According to the invention, it is possible to downsize a package, so that it is possible to realize a further downsized photocoupling device.
Further in the invention, the dummy header may be lead-cut from a lead frame inside or outside a package which covers and protects the light emitting elements and the light receiving element.
According to the invention, especially in the case where the dummy header is lead-cut from a lead frame inside a package, it is possible to prevent a lead-cut portion of the header from protruding beyond the package, so that it is possible to increase an insulation performance between the input section and the output section.
The invention provides a method of manufacturing a photocoupling device comprising the steps of:
forming an input section having a plurality of light emitting elements and lead terminals for supplying a drive current to the light emitting elements and an output section having a light receiving element opposed to light emitting faces of the light emitting elements and lead terminals for supplying a drive current to the light receiving element;
connecting the plurality of light emitting elements in series via a plurality of headers, at least one of the plurality of headers being a dummy header; and
tie-bar cutting and lead cutting the dummy header at the same time.

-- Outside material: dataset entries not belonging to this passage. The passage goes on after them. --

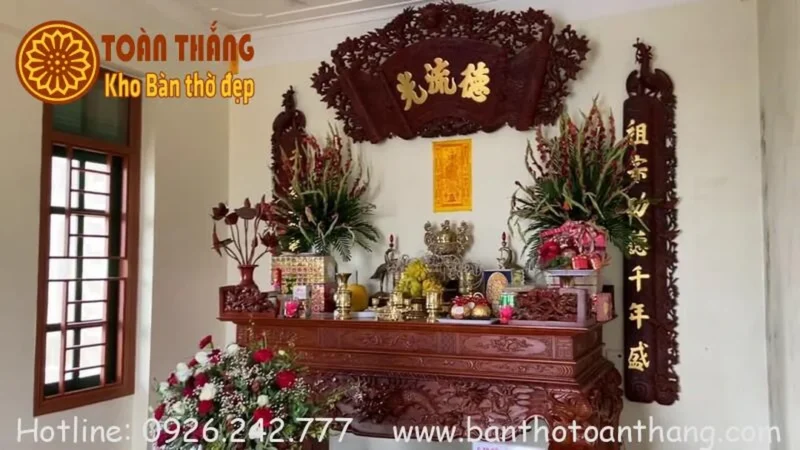 Gợi ý các mẫu cắm hoa bàn thờ gia tiên đẹp trang nghiêm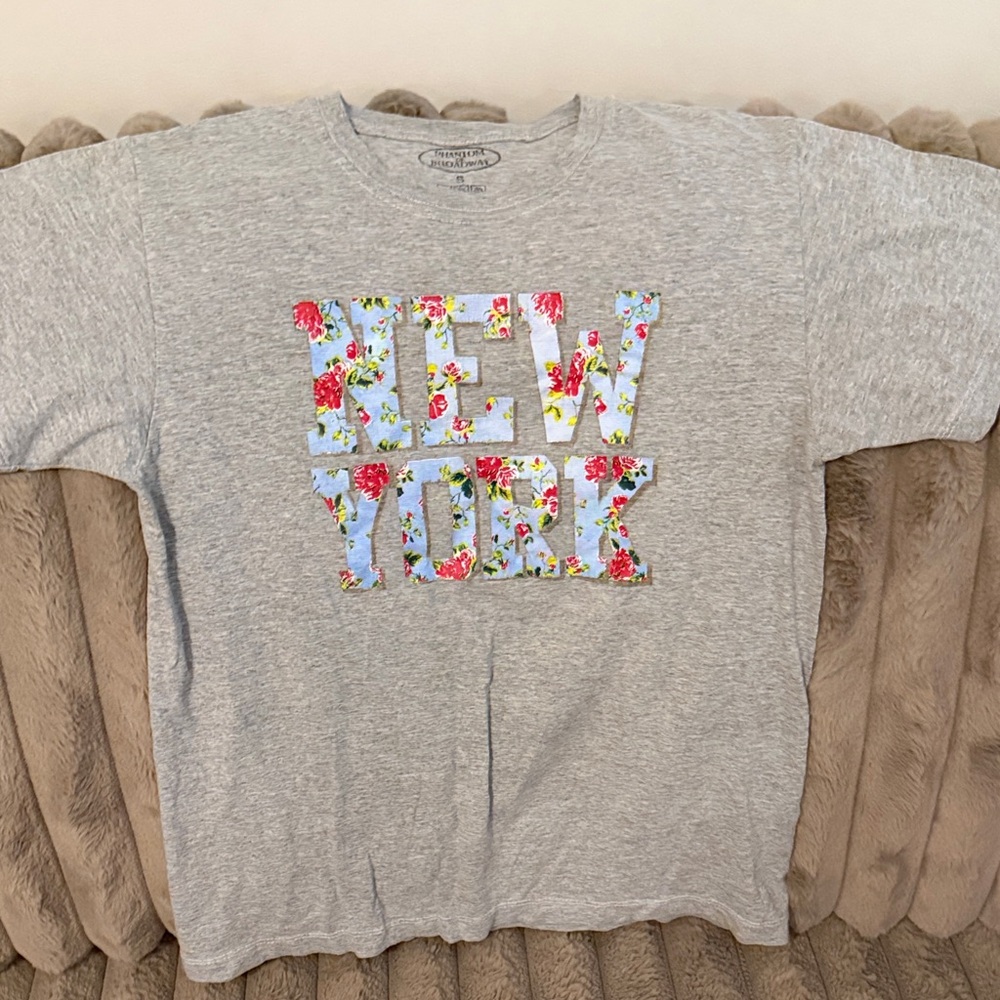 Grey womens Tee with Floral 'New York' Graphic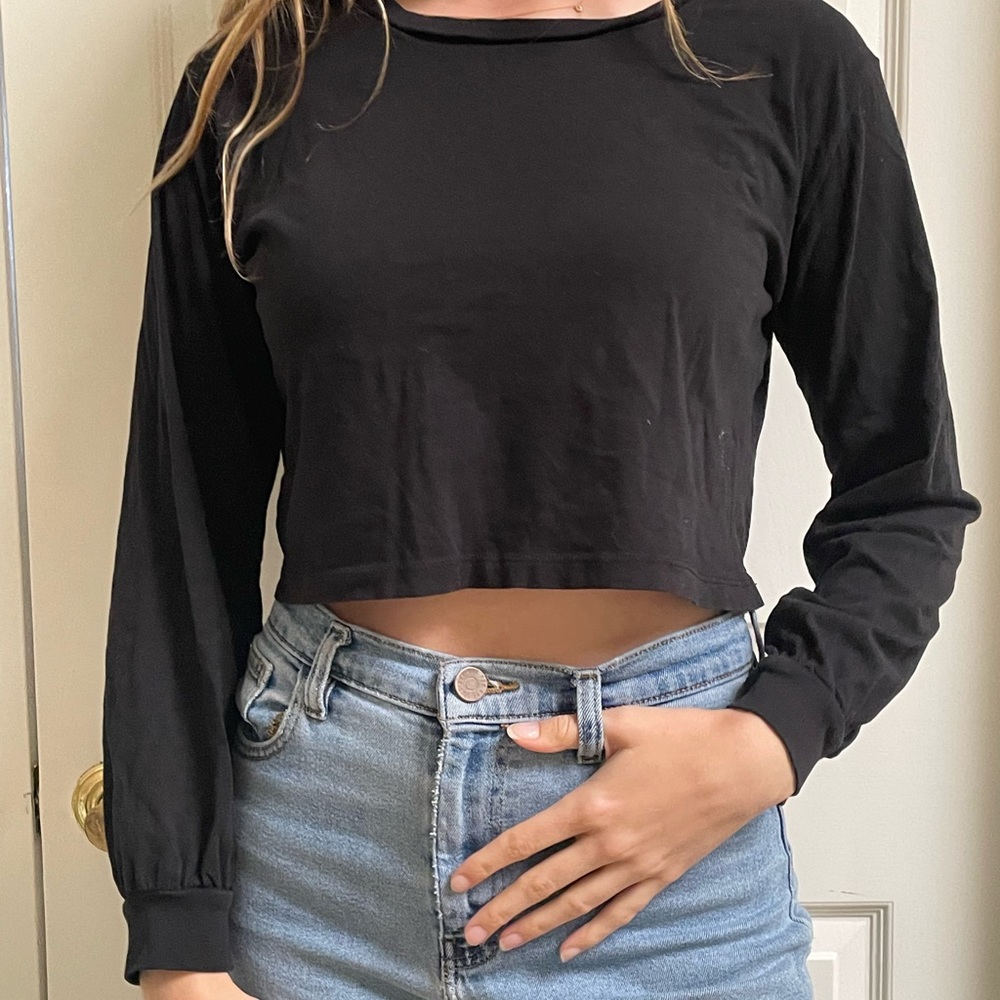 Black Long Sleeve Crop Top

According to the invention, it is possible to lead-cut a dummy header only by partly modifying the shape of a tie-bar cutting die, so that it is possible to assemble without adding an extra process.
Further in the invention, a lead-cut portion of the dummy header may be disposed in the vicinity of a tie-bar cut portion.
According to the invention, it is possible to minimize the need of modification of the shape of a tie-bar cutting die, and to reduce damages to a package during a cutting process.
The invention provides a method of manufacturing a photocoupling device, comprising the steps of:
forming an input section having a plurality of light emitting elements and lead terminals for supplying a drive current to the light emitting elements and an output section having a light receiving element opposed to light emitting faces of the light emitting elements and lead terminals for supplying a drive current to the light receiving element; and
connecting the plurality of light emitting elements in series via a plurality of headers, at least one of the plurality of headers being a dummy header,
wherein a lead frame is used in which the dummy header is connected to a header of another channel adjacent to the dummy header via a connecting member.
According to the invention, it is possible to lead-cut a dummy header only by partly modifying the shape of a tie-bar cutting die, so that it is possible to assemble without adding an extra process.